**EXERCISE PROMPT:**
Every line in the records below between the one holding "Young Woman In Casual Clothing Fixing Hair" and the one holding "Aguadito De Pollo", inclusive, is to be set down exactly; all other lines are to be left out.

**SOURCE MATERIAL:**
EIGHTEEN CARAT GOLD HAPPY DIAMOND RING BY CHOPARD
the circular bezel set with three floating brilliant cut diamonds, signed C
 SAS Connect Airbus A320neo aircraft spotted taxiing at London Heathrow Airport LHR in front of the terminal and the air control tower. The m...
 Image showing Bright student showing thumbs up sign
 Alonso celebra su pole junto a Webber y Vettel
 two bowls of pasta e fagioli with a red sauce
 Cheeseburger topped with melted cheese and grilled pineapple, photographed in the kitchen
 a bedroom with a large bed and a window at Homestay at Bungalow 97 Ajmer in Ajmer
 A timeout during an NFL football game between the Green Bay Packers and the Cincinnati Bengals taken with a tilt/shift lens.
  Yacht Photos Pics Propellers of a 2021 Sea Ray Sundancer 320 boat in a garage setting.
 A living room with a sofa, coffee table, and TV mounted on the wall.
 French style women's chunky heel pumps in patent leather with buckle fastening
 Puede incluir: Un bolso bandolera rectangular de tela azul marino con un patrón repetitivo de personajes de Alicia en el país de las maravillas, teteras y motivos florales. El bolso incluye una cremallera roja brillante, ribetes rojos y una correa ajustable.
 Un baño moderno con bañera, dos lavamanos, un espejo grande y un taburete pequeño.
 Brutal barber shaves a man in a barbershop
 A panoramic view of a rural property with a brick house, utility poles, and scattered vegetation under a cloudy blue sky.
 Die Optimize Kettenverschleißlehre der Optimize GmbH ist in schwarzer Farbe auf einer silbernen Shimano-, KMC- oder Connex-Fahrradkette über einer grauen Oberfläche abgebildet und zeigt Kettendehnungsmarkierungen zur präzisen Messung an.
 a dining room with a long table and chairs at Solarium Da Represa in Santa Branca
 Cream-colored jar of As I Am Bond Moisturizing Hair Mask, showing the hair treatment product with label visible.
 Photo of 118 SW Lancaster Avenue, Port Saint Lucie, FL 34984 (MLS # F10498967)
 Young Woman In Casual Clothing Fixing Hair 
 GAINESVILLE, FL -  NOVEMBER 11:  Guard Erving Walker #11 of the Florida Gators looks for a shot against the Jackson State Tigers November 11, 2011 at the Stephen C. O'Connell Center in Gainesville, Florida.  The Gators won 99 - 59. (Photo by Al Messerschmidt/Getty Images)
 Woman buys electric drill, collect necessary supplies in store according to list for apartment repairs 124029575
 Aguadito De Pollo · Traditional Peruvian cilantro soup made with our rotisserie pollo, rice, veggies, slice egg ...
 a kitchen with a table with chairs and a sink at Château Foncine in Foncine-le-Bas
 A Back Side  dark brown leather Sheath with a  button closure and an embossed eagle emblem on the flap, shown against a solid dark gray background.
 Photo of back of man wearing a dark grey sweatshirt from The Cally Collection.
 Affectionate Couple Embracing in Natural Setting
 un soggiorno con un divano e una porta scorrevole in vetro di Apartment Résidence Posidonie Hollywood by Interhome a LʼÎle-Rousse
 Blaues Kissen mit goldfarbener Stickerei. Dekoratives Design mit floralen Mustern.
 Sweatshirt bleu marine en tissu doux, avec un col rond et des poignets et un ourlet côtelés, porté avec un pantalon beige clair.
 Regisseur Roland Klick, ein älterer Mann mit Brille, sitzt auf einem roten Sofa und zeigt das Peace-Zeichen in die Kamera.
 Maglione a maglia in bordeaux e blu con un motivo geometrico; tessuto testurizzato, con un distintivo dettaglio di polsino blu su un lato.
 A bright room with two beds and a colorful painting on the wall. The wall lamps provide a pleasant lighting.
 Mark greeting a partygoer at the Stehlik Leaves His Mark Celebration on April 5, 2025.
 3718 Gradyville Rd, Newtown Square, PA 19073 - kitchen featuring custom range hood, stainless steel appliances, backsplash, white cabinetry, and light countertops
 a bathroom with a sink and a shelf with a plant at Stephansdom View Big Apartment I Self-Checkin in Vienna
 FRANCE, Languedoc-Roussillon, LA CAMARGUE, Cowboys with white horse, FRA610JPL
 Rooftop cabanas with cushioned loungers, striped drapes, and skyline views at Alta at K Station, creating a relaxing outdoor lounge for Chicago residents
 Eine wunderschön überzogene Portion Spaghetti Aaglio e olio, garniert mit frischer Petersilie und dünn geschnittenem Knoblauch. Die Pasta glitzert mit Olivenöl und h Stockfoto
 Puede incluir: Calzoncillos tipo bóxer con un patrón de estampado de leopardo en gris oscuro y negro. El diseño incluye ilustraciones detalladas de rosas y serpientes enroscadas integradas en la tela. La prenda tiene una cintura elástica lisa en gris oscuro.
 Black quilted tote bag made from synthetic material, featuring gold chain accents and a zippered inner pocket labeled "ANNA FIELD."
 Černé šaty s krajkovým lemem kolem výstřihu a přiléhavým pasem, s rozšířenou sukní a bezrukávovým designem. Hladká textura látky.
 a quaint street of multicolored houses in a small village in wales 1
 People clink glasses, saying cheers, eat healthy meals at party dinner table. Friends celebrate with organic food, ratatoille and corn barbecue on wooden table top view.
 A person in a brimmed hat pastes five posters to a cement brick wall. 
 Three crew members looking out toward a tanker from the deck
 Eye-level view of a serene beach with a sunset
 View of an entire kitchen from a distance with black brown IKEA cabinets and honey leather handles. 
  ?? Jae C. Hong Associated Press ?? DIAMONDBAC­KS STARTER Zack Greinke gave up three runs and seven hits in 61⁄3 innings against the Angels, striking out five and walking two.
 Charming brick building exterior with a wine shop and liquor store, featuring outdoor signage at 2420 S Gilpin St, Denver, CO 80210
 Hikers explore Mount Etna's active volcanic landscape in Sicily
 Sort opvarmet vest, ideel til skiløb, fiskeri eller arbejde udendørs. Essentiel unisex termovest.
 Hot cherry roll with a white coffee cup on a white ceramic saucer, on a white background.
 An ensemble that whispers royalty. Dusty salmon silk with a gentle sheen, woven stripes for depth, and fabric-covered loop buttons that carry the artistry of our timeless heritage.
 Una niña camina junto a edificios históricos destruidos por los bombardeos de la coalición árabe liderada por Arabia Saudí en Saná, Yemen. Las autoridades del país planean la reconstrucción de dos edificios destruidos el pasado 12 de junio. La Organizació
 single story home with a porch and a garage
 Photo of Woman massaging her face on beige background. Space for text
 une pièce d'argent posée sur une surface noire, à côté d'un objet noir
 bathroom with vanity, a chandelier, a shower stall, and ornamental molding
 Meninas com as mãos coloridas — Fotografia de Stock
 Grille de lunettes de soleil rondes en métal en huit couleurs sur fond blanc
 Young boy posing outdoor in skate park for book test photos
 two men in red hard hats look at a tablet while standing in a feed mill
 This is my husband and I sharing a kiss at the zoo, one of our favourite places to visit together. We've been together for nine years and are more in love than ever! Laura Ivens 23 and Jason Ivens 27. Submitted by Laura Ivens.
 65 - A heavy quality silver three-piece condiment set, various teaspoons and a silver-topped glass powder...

**ANSWER TO THIS TASK:**
 Young Woman In Casual Clothing Fixing Hair 
 GAINESVILLE, FL -  NOVEMBER 11:  Guard Erving Walker #11 of the Florida Gators looks for a shot against the Jackson State Tigers November 11, 2011 at the Stephen C. O'Connell Center in Gainesville, Florida.  The Gators won 99 - 59. (Photo by Al Messerschmidt/Getty Images)
 Woman buys electric drill, collect necessary supplies in store according to list for apartment repairs 124029575
 Aguadito De Pollo · Traditional Peruvian cilantro soup made with our rotisserie pollo, rice, veggies, slice egg ...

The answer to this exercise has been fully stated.